XXII. Inquietudes
Eran unos días angustiosos aquellos que estaban sufriendo, desde que tenían en su poder la deseada tabla. La idea de su responsabilidad moral y material los inquietaba.
A fuerza de convivir con objetos de arte habían acabado por saberlos apreciar, por amarlos. Ser depositarios del tesoro de uno de esos cuadros únicos en el mundo, les inquietaba. Adelina no se atrevía a salir de la tienda ni alejarse de la casa por ningún pretexto. No dejaban entrar a nadie en los almacenes, y con mil escusas no iban a buscar nada de lo que solicitaban los compradores.
De noche se asesoraban por sí mismos de que la tienda estaba bien cerrada, de que no quedaba ni una colilla de cigarro. Tenían miedo a la noche como si durante ella les fueran a robar su tesoro. Los dos tenían pesadillas terribles. Ya el hombre moreno que entraba en la tienda, pedía ir al almacén, y cuando se lo negaban sacaba su carnet de policía.
Otras veces eran escenas de las películas en que caminan bandidos en la sombra, los veían escalar el almacén y entrar para apoderarse de su cuadro.
La gran obsesión de Fabián era el incendio. Unas veces soñaba que al volver a su casa la encontraba descubierta, vaciá, sosteniéndose en las paredes maestras, sin techumbres ni divisiones de pisos: un esqueleto desnudo, medio calcinado, con paredes ahumadas, con balcones que guardaban los lametones de las lenguas de fuego. Paredes desconchadas, con piedras desnudas, renegridas…

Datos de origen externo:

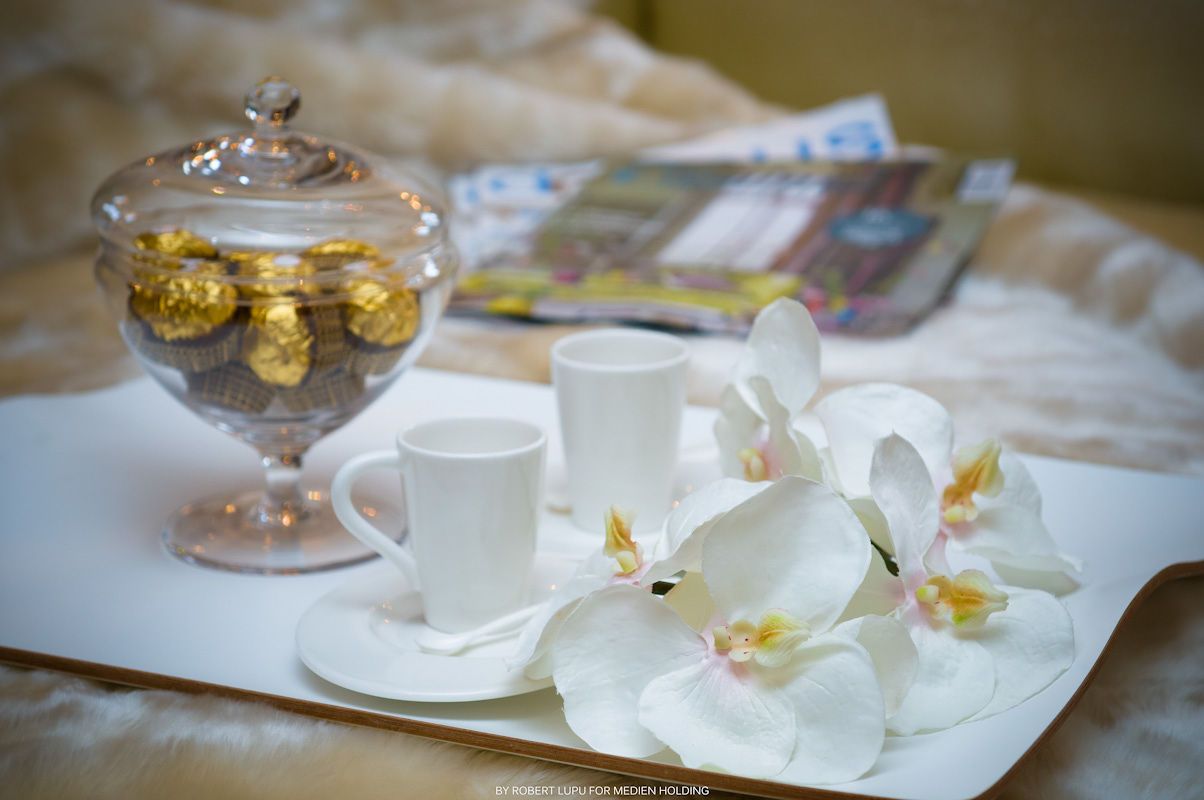 White orchid flowers beside a coffee cup and chocolate candy jar on a decorative tray.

Era como una mueca espantosa la mueca de la casa hueca, como un cascarón vacío, llena de luz que entraba por lo alto, por el hueco de su tejado desaparecido; e iluminaba los balcones, las puertas, las ventanas, como las calaveras a las que se les pone una luz dentro; tenían algo de cuencas de ojos vacíos, aquellos vanos, de mueca de boca desdentada e irónica: la mueca lúgubre y aterrorizadora, torva, torcida, falsa, de la faz macabra del Mellado, con su risa solapada y sarcástica.
Otras veces presenciaba toda la escena del incendio. Se soñaba dormido en su misma cama, lo despertaban los gritos de «¡Fuego!», experimentaba ese pánico de las piernas de trapo que se siente en las pesadillas en que se quiere correr, veía salir a sus hijas y a su mujer medio desnudas, no las conocía, las contaba una, dos, tres… Un cordón de bomberos no lo dejaba pasar. Él les suplicaba en vano.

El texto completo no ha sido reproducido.